All the pizza’s are made by the man in the red rimmed glasses. And he is very good at what he does.
The menu is quite extensive with appetizers, soups, salads, one-dish meals and of course pizza. With over 14 different pizzas, it was hard to choose. Luckily, Pizza 4P’s offers combination pizzas by offering half orders on each pie. This time, we ordered a full margherita and a half salmon sashimi/quattro flowers pies.
From the first minute of watching from the bar, I was completely enthralled by the quick work by Chef Yoshikawa and his crew making the pies. The speed at which pizzas were getting placed in the wood-fired oven was astounding after seeing some of the complex affairs that were being assembled. I asked the chef’s assistants to let me know when he was going to start our pizzas so I could document the process. So after a half hour of beers, conversation with our fellow bar mates and a fantastic caprese cocktail appetizer, the assistant indicated that ours was next.
Once the dough gets rolled out, the toppings get piled on. I love a place that doesn’t shred their mozzarella and seeing Chef Yoshikawa grabbing whole chunks of cheesy goodness made me extremely happy.
Once all the ingredients are on the pie, it gets moved to a waiting pizza peel for baking. .
Once Thuy, the pizza baker gets a hold of the pizza, it is placed inside the oven for about a minute, then it is slowly rotated and constantly checked for the prerequisite char marks to appear. When she decides the pizza is done, it is placed on an awaiting dish to be garnished. It only took 2:27 from the time Thuy put the margharita pizza in the oven to the time the plate was placed in front of us.

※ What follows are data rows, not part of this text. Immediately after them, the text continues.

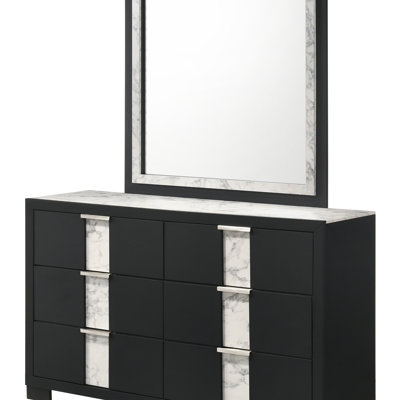 Stylish Six-Drawer Wooden Dresser with Metal Knobs and Glides, Perfect for Modern Bedrooms and Storage Solutions.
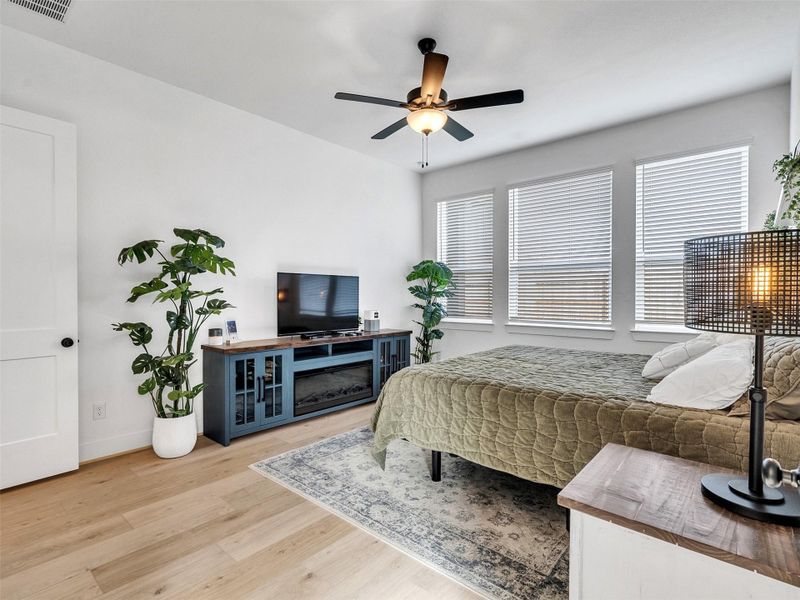Furnished interior view inside a new home in Cherrywood Estates, Tomball (Image 8). Furnished interior view inside a new home in Cherrywood Estates, Tomball (Image 8).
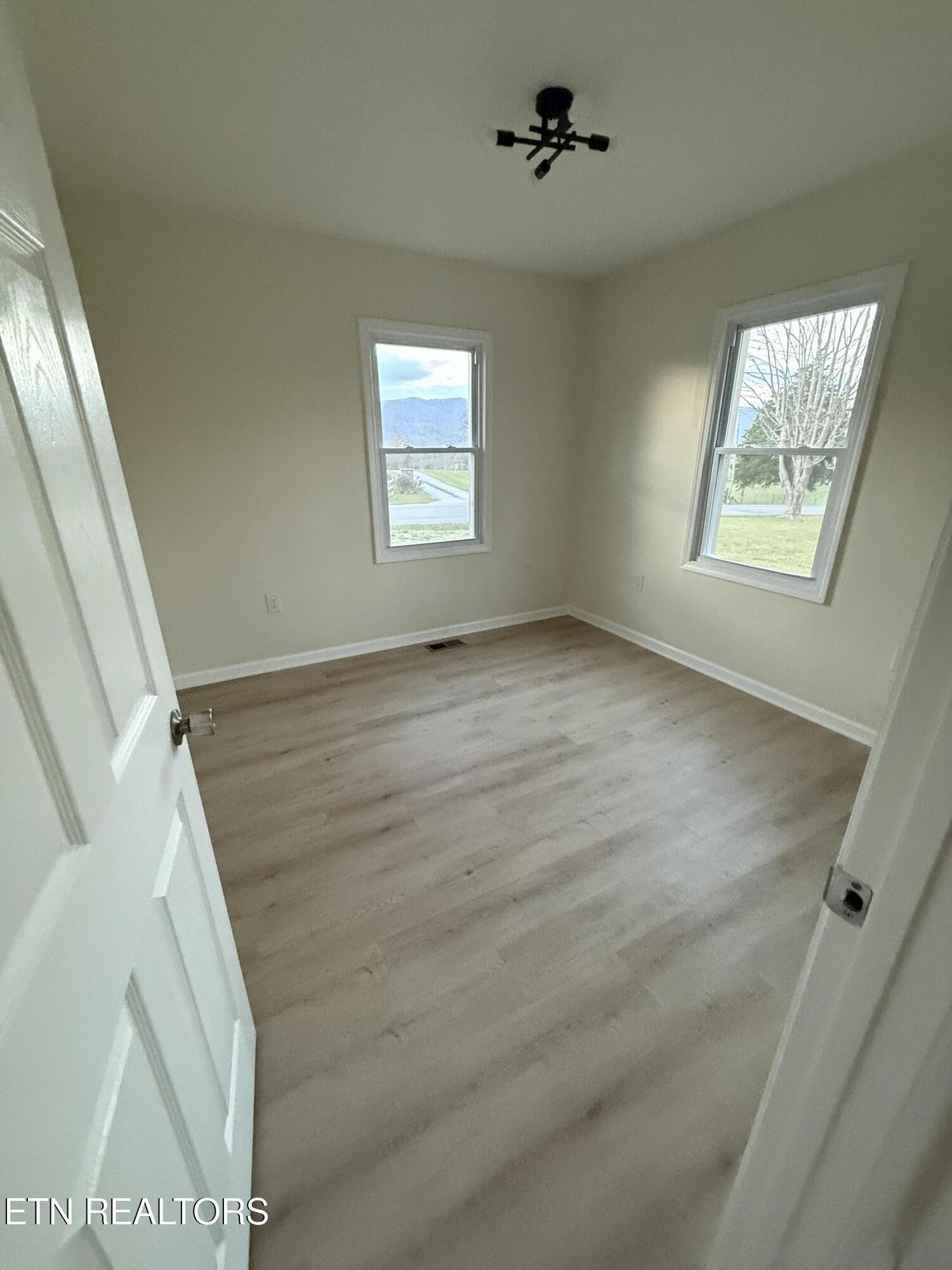 1184 Davis Chapel Road Lafollette TN 37766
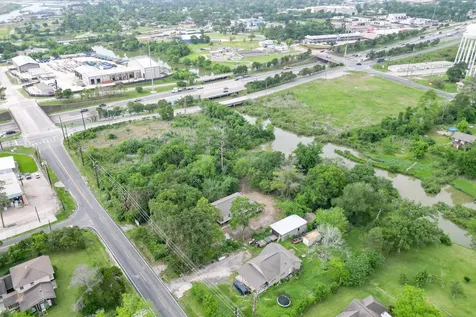 301 Bayou Drive Channelview TX 77530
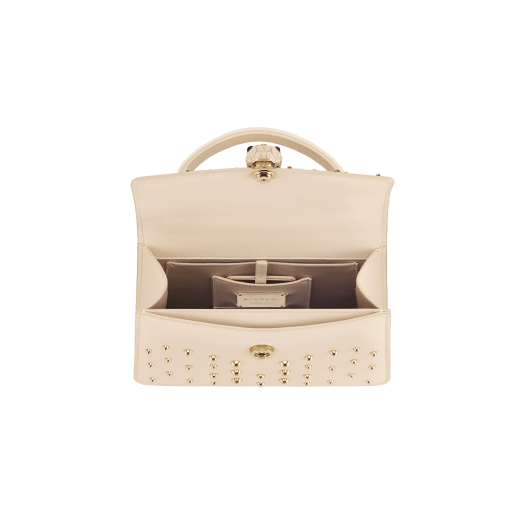 Mini borsa a mano Serpenti Forever in vitello Cabochon avorio opale con fodera in nappa beige opale chiaro. Accattivante chiusura magnetica Serpenti in ottone placcato oro chiaro con squame in smalto avorio opale e ottone placcato oro chiaro e occhi in onice nera. 293884 image 4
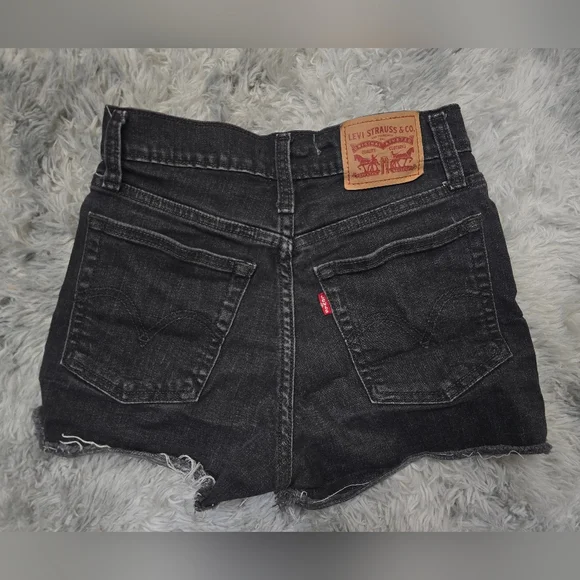 Levi's Dark Denim Women's Shorts - Picture 1 of 9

A simple tomato sauce, fresh mozzarella and basil finished off with some extra-virgin olive oil is all that is on this margherita pizza. My wife commented that the tomato sauce was the best she had ever had on a pizza. Sometimes simple is all you need.
The other pie that came out was the complete opposite of simple but the crew still managed to get it out to us at 3:47. The Quattro Flowers pizza had pumpkin, leek, telosma cordata, sesbania, grandiflora and daylily flowers accompanied on a sweet mozzarella cheese mayo and parmesan cheese. The medley of flora in the Quattro Flowers brought a fresh, crisp texture to the pizza and would have made it a light meal if it wasn’t for the other side of my plate.
The other half was the Salmon Sashimi which had house-made ricotta, capers, onions and parmesan cheese cooked onto the pizza. It was finished off with some raw salmon and fresh dill on the side. The Salmon Sashimi side of the pizza was a playful Japanese spin on traditional italian ingredients by adding the raw salmon and dill.
As we were leaving, I had a chance to chat with the owner, Yosuke Masuko about his restaurant. Chef Yoshikawa and him have been friends for over 20 years and actually built a wood fired a few years ago in his garden. When I asked about the quality and care they took in each pie that came out, the former venture capitalist cum restauranteur simply replied, “I really like pizza”.
8/15 Le Thanh Ton Street
Ho Chi Minh City, Vietnam
We came back 2 more times and tried the Okonomiyaki, Chicken Teriyaki, Quattro Fromaggio, Proscuitto and the Salmon Miso pizzas. All were great and we will definitely come back when we are back in Ho Chi Minh City!